Retina artificiale per salvare la vista: a Milano dimissioni in 24 ore

Il quarto intervento per «ridare la vista ai ciechi» è stato effettuato a Milano. Dopo una riabilitazione il paziente vede di nuovo
La retina artificiale che dirà la vista
La retina artificiale che dirà la vista (Frogs Studio | Shutterstock)
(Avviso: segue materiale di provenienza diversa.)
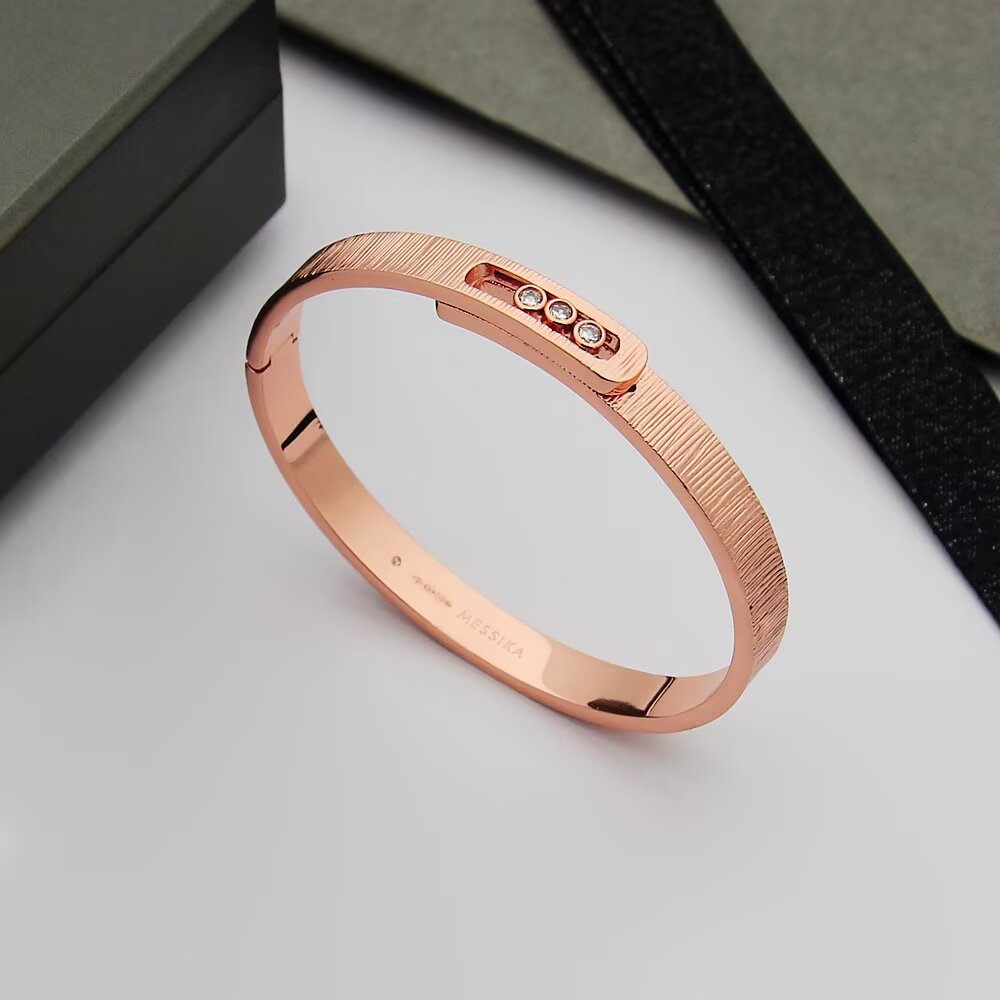 [Novalux]MOVE NOA CISELÉ BANGLE BRACELET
MILANO - Ridare la vista ai ciechi non è solo un miracolo che è passato alla storia ma un importante traguardo ottenuto dalla moderna medicina. Ed è quello che è accaduto recentemente un paziente totalmente cieco: ha potuto vedere di nuovo grazie a un incredibile intervento effettuato a Milano, presso l’Ospedale San paolo. Ma non solo: appena ventiquattro ore dopo è potuto tornare a casa. Ecco i dettagli della vicenda.

Un sogno?
Un sogno di tanta gente che ha perso la vista: poter nuovamente vedere la luce dopo anni di buio. E grazie a una nuova tecnica chirurgica per l’impianto di retina artificiale Argus II, anche le persone cieche potranno nuovamente vedere. L’operazione viene eseguita in anestesia generale e dura circa novanta minuti, al massimo due ore. E il giorno successivo si possono ottenere le dimissioni.

Protesi retinica
Il delicato intervento consiste nell’applicazione di una protesi retinica che è in grado di sfruttare la stimolazione elettrica delle poche cellule rimaste ancora vitali. Grazie a questa le immagini acquisite dall’ambiente esterno per mezzo di una microcamera montata sugli occhiali del paziente, vengono tramesse – in modalità wireless – a una matrice di elettrodi impiantati nell’occhio.

La riabilitazione
«La prima fase di riabilitazione si svolge in Clinica, dove i pazienti, seguiti da un team di specialisti, apprendono informazioni di base per l’utilizzo e la gestione autonoma dell’impianto (campo visivo, posizione degli occhi, gestione dei filtri). Una volta acquisita dimestichezza con il dispositivo potranno esercitarsi all’esterno, insieme a un terapista che insegnerà loro ad integrare la nuova visione con i normali ausili per la mobilità», spiega il dottor Luca Rossetti.

E luce fu
La riabilitazione, della durata di alcune settimane, consente ai pazienti che avevano perso la vista di vedere le persone che si trovano di fronte a loro. L’immagine non è nitida ma si possono delineare i contorni e la forma di un volto umano. D’altro canto è possibile vedere gli oggetti che si trovano nella propria casa, localizzare posti liberi nei mezzi pubblici e riconoscere strisce pedonali o ostacoli quando ci si trova a passeggio. «Riuscire ad attraversare la strada identificando le strisce pedonali, leggere i cartelli, spostare un ostacolo che vedo davanti a me: queste sono state delle grandi vittorie. La riabilitazione è impegnativa ma i risultati sono emozionanti», ha raccontato un paziente. Al momento sono quattro le persone che hanno beneficiato dell’intervento grazie alla collaborazione – in termini finanziari – della Regione Lombardia e dell’Associazione Retinis Onlus, ma si spera che tutte le persone che hanno perso la vista possano trovare in questa nuova tecnica un’altra speranza.